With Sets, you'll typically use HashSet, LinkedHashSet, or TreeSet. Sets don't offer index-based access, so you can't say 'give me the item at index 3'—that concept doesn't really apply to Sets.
---
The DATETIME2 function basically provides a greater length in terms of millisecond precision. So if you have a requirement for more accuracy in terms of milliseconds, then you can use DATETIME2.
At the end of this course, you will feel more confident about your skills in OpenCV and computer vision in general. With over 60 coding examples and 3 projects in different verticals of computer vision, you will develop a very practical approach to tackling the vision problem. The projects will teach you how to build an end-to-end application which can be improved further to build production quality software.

▶ EXERCISE BRIEF: Everything above from the line containing "The DATETIME2 function" through the line containing "At the end of" must be copied exactly. Nothing outside that range belongs in the answer.

▶ RESULT OF THE EXERCISE:
The DATETIME2 function basically provides a greater length in terms of millisecond precision. So if you have a requirement for more accuracy in terms of milliseconds, then you can use DATETIME2.
At the end of this course, you will feel more confident about your skills in OpenCV and computer vision in general. With over 60 coding examples and 3 projects in different verticals of computer vision, you will develop a very practical approach to tackling the vision problem. The projects will teach you how to build an end-to-end application which can be improved further to build production quality software.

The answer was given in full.